Example 2: page using child regions

Region: My Form
- Subregion: Personal Details
-- Item: Name
-- Item: Date of Birth
- Subregion: Bank and Address details (complex condition)
-- Item: Bank Account No
-- Item: Bank Sort Code
...
-- Item: Address Line 1
-- Item: Address Line 2
...
- Subregion: More stuff
-- Item: Something else

Example 2 achieves the same result as Example 1 but only evaluates the complex condition once instead of many times.  As well as improving performance this also makes your page simpler: if the condition changes in the future you only have one instance to change.


Saturday, April 06, 2013

APEX conditions and performance


Having recently seen some examples of non-optimal code in APEX conditions (e.g. item rendering conditions and read-only conditions)  I thought it worth writing a few words about them.  By putting them here on my blog I can refer to them in future rather than writing them again. Also I may receive useful feedback from readers to improve or correct my advice.

For a very simple condition such as “when the value of item P1_JOB is SALESMAN” there are many condition types to choose from including:

1) Value of item/column in Expression 1 = Expression 2

Expression 1: P1_JOB
Expression 2: SALESMAN

2) PL/SQL Expression

Expression 1: :P1_JOB = ‘SALESMAN’

3) Exists (SQL query returns at least one row)

SELECT NULL
FROM DUAL
WHERE :P1_JOB = ‘SALESMAN’

(Yes I have actually seen this one!)

4) PL/SQL Function returning Boolean

Begin
  If :P1_JOB = ‘SALESMAN’ then
    Return true;
  Else
    Return false;
  End if;
End;

… and so on.

The correct type to use in this case is (1) because it is the only declarative method; all the others require APEX to run dynamic PL/SQL to evaluate the condition.

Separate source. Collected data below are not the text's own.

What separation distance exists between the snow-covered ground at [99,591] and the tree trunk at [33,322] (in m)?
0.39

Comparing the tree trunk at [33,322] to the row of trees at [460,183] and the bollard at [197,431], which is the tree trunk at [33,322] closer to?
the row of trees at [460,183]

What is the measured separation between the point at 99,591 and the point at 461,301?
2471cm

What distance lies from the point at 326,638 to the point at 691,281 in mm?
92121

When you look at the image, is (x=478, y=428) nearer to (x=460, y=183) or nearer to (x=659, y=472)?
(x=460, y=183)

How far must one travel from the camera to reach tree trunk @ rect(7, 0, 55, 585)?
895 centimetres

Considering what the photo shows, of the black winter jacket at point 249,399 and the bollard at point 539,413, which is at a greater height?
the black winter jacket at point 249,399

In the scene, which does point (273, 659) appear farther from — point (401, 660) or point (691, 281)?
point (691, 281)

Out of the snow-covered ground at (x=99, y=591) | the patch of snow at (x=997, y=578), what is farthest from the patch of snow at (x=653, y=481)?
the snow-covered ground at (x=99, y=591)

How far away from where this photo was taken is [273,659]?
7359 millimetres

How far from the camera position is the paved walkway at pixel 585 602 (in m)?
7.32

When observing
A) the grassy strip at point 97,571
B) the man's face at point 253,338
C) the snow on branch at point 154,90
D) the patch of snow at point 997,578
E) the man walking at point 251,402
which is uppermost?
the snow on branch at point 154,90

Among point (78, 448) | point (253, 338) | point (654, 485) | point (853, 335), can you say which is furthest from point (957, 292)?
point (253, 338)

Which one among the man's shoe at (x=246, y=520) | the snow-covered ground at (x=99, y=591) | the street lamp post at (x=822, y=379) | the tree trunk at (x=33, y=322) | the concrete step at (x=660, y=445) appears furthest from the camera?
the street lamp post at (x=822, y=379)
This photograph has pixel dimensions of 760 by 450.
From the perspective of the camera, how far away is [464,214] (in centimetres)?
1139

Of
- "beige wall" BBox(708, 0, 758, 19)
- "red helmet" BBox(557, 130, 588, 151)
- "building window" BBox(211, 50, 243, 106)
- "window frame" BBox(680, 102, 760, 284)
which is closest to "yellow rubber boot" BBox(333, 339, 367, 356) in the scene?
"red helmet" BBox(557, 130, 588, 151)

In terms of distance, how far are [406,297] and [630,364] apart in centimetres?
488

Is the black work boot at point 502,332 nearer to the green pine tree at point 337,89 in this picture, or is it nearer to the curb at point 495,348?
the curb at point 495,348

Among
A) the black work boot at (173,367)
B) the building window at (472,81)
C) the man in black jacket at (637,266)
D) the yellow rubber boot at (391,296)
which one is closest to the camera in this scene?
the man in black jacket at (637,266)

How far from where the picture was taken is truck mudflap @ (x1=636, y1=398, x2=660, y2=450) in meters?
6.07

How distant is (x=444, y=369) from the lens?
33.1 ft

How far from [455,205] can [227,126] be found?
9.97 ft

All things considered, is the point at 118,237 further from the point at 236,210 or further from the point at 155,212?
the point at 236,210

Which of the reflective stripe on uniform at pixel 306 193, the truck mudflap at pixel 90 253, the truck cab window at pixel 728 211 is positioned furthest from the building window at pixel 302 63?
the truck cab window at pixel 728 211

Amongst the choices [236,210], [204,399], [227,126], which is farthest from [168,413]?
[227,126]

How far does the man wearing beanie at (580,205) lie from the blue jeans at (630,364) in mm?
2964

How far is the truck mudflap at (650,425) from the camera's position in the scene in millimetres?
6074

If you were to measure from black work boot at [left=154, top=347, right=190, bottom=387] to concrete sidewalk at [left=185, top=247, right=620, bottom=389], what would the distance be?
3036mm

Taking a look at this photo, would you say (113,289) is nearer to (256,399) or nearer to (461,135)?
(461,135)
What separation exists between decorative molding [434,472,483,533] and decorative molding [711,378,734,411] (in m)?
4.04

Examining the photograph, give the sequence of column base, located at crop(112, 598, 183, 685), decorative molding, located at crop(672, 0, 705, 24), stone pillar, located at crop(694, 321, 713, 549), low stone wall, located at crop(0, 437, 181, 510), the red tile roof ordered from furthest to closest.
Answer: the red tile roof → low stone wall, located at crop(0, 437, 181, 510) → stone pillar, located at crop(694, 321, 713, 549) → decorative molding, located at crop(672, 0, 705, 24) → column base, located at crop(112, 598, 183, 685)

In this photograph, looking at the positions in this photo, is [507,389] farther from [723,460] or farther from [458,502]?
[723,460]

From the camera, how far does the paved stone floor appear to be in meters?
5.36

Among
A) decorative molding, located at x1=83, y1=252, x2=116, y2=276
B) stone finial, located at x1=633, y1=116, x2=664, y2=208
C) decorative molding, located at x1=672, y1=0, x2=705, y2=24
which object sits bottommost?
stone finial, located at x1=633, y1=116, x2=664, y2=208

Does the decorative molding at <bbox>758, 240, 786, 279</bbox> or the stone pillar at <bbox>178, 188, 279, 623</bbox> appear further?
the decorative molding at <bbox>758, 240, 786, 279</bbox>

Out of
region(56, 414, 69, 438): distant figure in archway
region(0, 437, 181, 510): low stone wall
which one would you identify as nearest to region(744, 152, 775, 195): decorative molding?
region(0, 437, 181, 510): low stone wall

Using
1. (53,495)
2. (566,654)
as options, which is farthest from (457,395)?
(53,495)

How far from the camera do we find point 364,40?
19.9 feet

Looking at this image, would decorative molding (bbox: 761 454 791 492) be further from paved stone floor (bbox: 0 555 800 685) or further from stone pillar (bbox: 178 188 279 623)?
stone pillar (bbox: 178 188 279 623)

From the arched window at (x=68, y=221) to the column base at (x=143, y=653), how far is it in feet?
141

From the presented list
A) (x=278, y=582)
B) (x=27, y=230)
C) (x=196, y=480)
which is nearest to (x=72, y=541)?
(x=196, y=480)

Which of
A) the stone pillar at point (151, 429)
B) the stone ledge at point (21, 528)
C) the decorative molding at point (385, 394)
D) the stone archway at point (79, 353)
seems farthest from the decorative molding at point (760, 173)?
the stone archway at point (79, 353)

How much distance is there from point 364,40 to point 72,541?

To evaluate (1) APEX will do something like this:

IF v(expression1) = expression2 THEN…

To evaluate (2) APEX will do something like this:

-- Parse expression1 to look for item references e.g. :P1_JOB
EXECUTE IMMEDIATE expression1 INTO l_result USING v(item_name);

IF l_result THEN …

(In fact it will have to use DBMS_SQL not EXECUTE IMMEDIATE because the number of bind values can vary.  The pseudo-code above is merely an educated guess by the way.)

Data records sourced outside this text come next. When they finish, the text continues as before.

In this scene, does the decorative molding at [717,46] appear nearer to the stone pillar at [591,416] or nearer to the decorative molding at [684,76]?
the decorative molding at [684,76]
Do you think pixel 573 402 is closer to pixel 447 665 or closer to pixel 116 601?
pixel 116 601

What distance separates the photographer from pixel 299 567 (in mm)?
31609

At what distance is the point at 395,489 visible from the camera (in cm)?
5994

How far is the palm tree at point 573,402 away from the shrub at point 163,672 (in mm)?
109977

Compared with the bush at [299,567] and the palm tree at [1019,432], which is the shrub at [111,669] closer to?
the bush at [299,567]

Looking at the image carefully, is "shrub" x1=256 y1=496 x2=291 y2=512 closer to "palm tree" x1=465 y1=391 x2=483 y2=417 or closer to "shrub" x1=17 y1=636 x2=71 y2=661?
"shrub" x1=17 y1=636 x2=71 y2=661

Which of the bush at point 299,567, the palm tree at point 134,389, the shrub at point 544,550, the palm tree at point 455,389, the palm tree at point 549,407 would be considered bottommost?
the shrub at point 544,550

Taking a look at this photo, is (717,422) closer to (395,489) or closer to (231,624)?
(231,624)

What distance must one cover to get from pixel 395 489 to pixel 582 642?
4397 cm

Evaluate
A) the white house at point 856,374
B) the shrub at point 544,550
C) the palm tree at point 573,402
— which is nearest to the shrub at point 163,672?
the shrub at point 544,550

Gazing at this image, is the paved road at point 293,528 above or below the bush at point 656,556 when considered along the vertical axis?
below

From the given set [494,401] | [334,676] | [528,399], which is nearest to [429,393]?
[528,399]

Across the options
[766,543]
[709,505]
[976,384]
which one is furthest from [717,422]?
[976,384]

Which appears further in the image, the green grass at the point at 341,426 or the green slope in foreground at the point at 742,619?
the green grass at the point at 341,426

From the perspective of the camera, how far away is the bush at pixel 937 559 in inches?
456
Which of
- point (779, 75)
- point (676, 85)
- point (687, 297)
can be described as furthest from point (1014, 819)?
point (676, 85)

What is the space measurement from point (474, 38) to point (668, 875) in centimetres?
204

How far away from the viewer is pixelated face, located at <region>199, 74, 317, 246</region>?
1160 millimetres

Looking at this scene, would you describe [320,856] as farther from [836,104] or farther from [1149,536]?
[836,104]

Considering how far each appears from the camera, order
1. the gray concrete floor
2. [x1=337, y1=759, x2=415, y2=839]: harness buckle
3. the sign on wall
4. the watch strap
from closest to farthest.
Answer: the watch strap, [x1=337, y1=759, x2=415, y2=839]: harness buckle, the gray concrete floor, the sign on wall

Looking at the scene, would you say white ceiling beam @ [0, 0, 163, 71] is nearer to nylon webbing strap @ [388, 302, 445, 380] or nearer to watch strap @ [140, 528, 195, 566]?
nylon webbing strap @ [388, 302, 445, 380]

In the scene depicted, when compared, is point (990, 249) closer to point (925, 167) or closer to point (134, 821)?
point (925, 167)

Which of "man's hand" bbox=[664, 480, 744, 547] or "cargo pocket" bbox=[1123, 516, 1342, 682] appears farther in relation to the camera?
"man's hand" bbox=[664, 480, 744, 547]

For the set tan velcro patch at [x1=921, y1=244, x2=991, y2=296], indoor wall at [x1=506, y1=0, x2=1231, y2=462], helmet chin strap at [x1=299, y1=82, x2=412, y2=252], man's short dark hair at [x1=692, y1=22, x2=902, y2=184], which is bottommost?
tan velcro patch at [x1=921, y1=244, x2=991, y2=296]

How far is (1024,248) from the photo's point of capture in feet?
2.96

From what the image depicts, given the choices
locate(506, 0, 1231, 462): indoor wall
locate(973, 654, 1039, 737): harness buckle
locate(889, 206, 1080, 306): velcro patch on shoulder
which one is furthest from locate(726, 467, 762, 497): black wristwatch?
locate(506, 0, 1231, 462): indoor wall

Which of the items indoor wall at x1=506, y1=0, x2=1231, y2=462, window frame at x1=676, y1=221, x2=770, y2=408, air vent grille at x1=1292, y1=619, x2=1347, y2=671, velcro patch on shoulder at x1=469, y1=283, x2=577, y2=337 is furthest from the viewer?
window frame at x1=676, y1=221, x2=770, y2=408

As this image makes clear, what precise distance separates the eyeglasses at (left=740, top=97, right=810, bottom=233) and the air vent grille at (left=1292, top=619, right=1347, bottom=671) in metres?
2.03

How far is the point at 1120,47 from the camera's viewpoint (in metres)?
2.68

(3) and (4) will involve similar code to (2).

True, the cost of executing the dynamic PL/SQL won’t be huge, but bear in mind that a page may have many items with conditions like this, and the small penalty is then incurred many times per page load, which adds up particularly on a frequently used page.

Of course, if you need a more complex condition such as “Job is manager and location = London” then you cannot use method (1), you will need to use method (2) (not (3) or (4) please!).  Always look for the simplest and most appropriate condition type for your needs.

Also, if the condition involves a function call e.g. (emp_pkg.is_eligible(:P1_EMPNO) = ‘Y’) and is used in more than one place it is probably better to execute the function call once, assign the result to a hidden page item, and then use a type (1) condition “value of P1_IS_ELIGIBLE is equal to Y”.